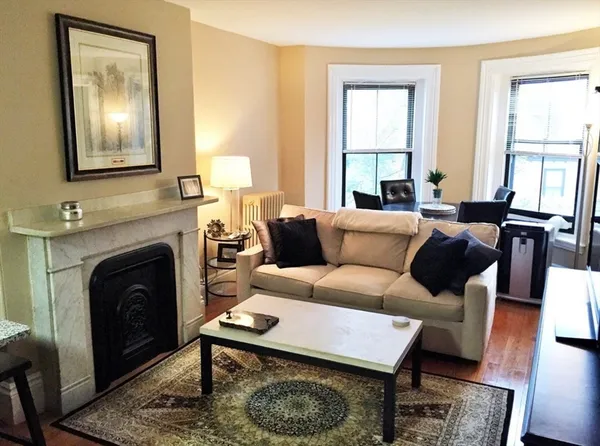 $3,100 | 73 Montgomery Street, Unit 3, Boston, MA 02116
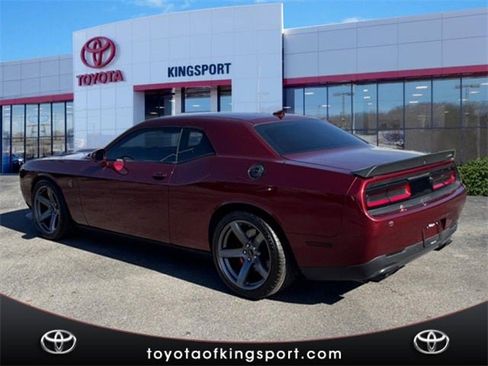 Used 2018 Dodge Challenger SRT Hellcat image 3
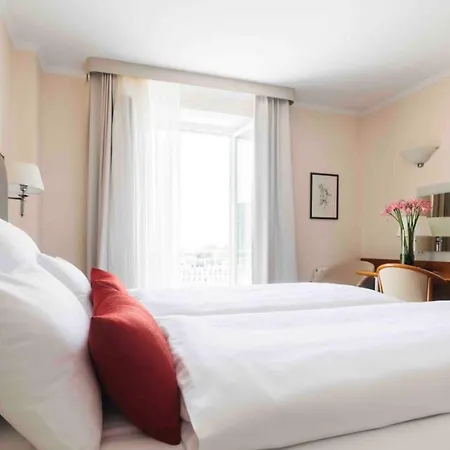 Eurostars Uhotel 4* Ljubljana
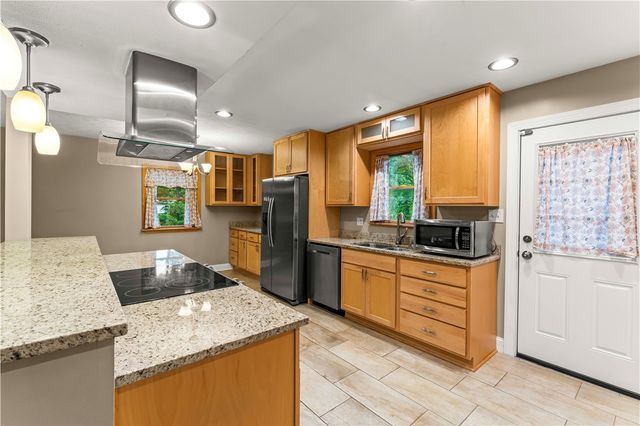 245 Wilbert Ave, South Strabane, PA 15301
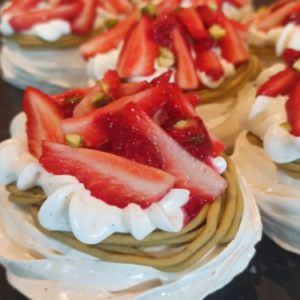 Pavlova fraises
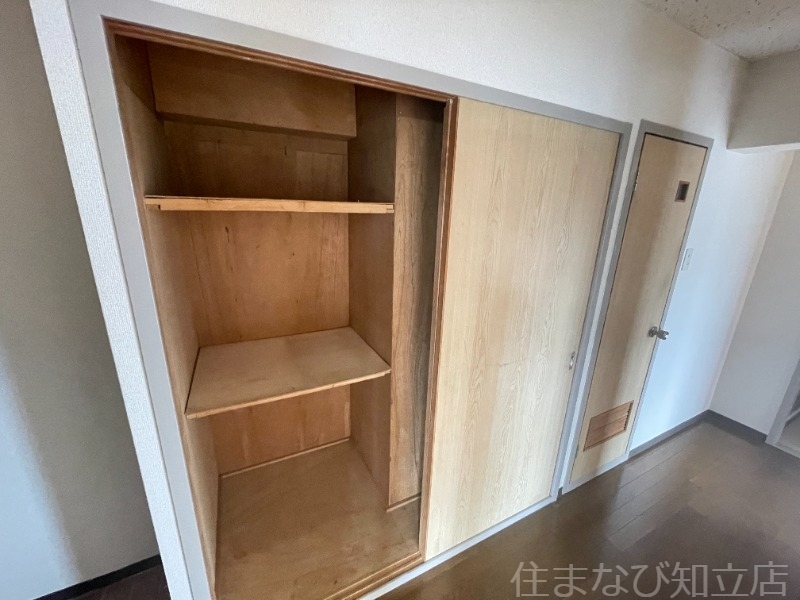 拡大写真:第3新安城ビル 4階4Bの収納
------------------------
All of the material should be reproduced exactly, apart from the pictures.

 $3,100 | 73 Montgomery Street, Unit 3, Boston, MA 02116
 Used 2018 Dodge Challenger SRT Hellcat image 3
 Eurostars Uhotel 4* Ljubljana
 245 Wilbert Ave, South Strabane, PA 15301
 Pavlova fraises
 拡大写真:第3新安城ビル 4階4Bの収納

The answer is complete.